WHAT YOU HAVE TO DO
Every line of the material is to be quoted verbatim, minus the pictures.

DATA BELOW

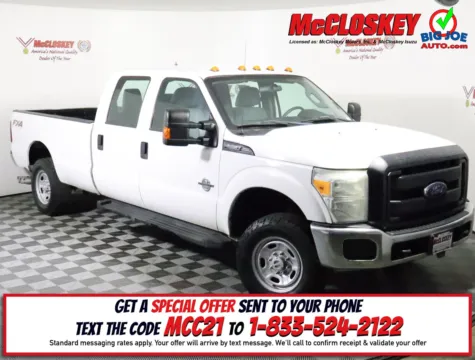 White 2015 Ford F-250SD XL for sale in Colorado Springs, CO
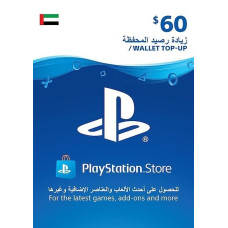PlayStation PSN Card (UAE account) PlayStation PSN Card (UAE account)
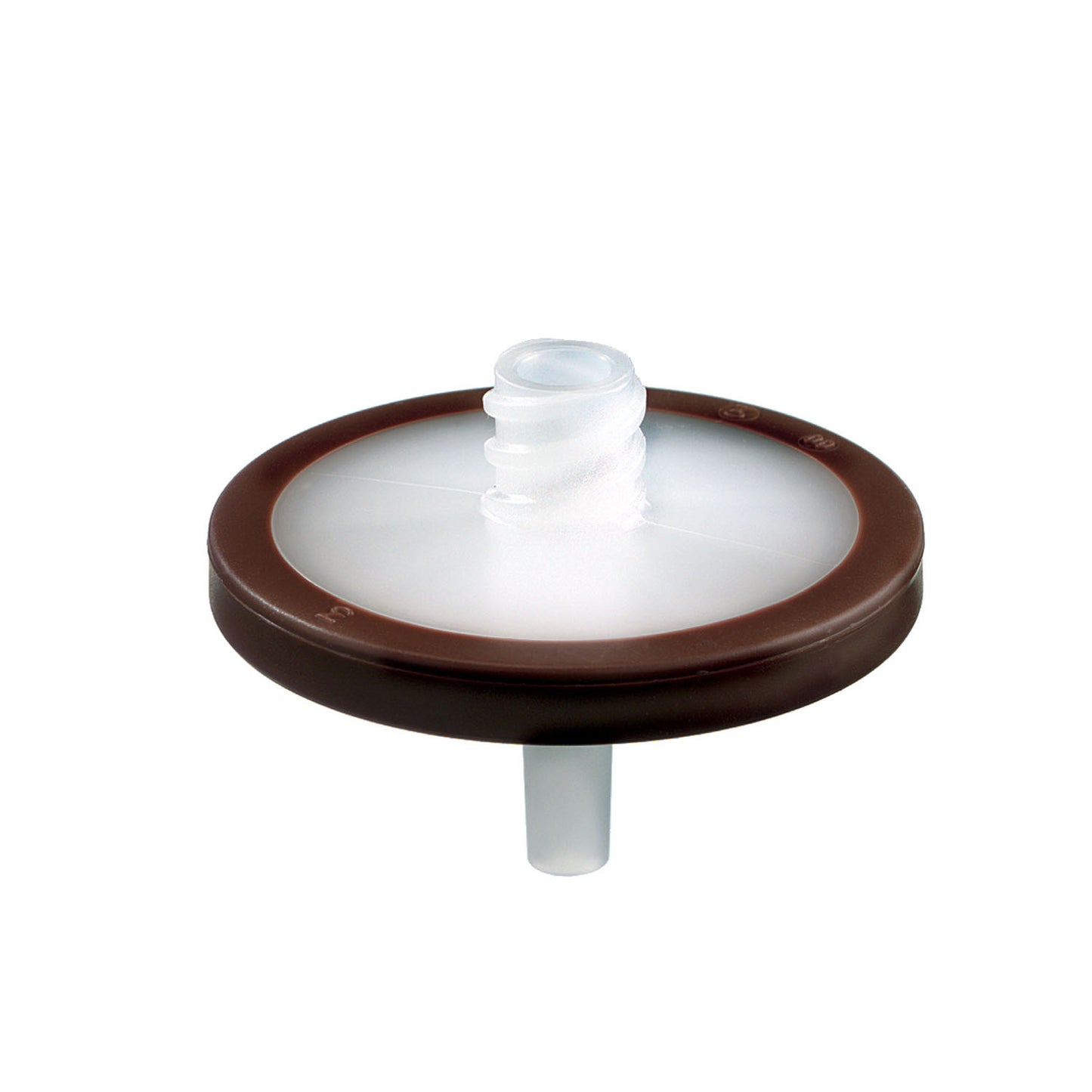 Syringe Filter, 13mm Dia, Whatman SPARTAN - HPLC Certified, 0.45m Pore Size, Regenerated Cellulose/ Polypropylene, Female Luer Lock/ Mini-Tip, Light Brown, 500/pk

OUTPUT FOR THIS EXERCISE
 White 2015 Ford F-250SD XL for sale in Colorado Springs, CO
PlayStation PSN Card (UAE account) PlayStation PSN Card (UAE account)
 Syringe Filter, 13mm Dia, Whatman SPARTAN - HPLC Certified, 0.45m Pore Size, Regenerated Cellulose/ Polypropylene, Female Luer Lock/ Mini-Tip, Light Brown, 500/pk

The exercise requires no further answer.